Multi-Style Transfer with Discriminative Feedback on Disjoint Corpus
- URL: http://arxiv.org/abs/2010.11578v2
- Date: Mon, 12 Apr 2021 09:39:42 GMT
- Title: Multi-Style Transfer with Discriminative Feedback on Disjoint Corpus
- Authors: Navita Goyal, Balaji Vasan Srinivasan, Anandhavelu Natarajan,
Abhilasha Sancheti
- Abstract summary: Style transfer has been widely explored in natural language generation with non-parallel corpus.
A common shortcoming of existing approaches is the prerequisite of joint annotations across all the stylistic dimensions.
We show the ability of our model to control styles across multiple style dimensions while preserving content of the input text.
- Score: 9.793194158416854
- License: http://arxiv.org/licenses/nonexclusive-distrib/1.0/
- Abstract: Style transfer has been widely explored in natural language generation with
non-parallel corpus by directly or indirectly extracting a notion of style from
source and target domain corpus.
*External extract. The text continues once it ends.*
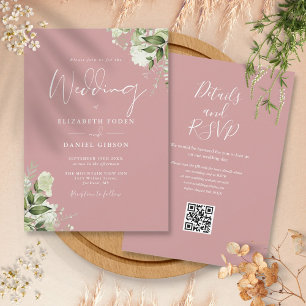 Invitation Code QR de mariage floral de verdure de rose pouss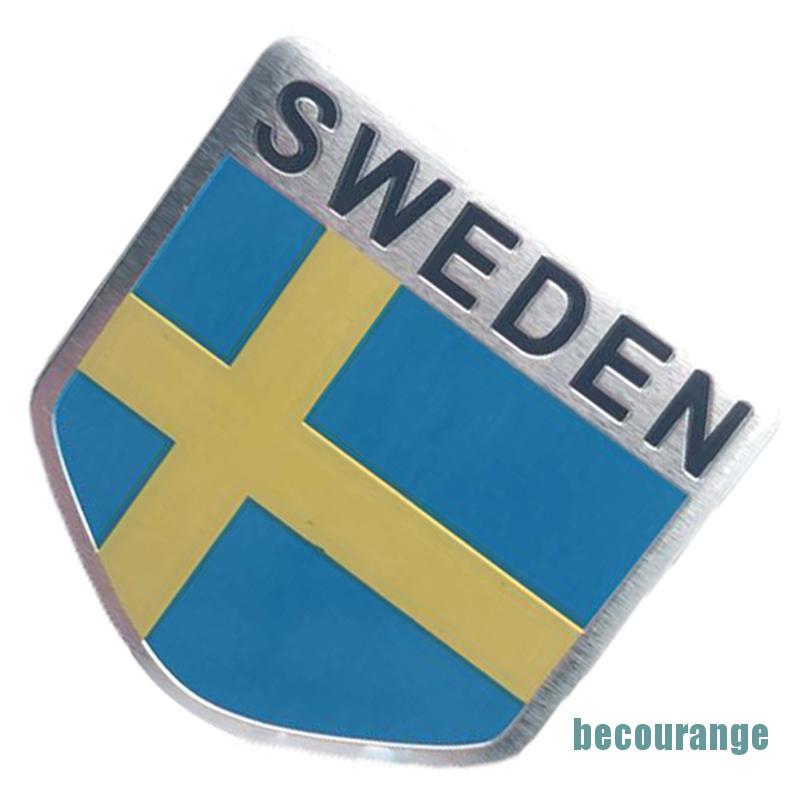 [becourange]1Pc Sweden flag logo emblem alloy badge car motorcycle decor stickers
A common shortcoming of existing approaches is
the prerequisite of joint annotations across all the stylistic dimensions under
consideration. Availability of such dataset across a combination of styles
limits the extension of these setups to multiple style dimensions. While
cascading single-dimensional models across multiple styles is a possibility, it
suffers from content loss, especially when the style dimensions are not
completely independent of each other. In our work, we relax this requirement of
jointly annotated data across multiple styles by using independently acquired
data across different style dimensions without any additional annotations. We
initialize an encoder-decoder setup with transformer-based language model
pre-trained on a generic corpus and enhance its re-writing capability to
multiple target style dimensions by employing multiple style-aware language
models as discriminators. Through quantitative and qualitative evaluation, we
show the ability of our model to control styles across multiple style
dimensions while preserving content of the input text. We compare it against
baselines involving cascaded state-of-the-art uni-dimensional style transfer
models.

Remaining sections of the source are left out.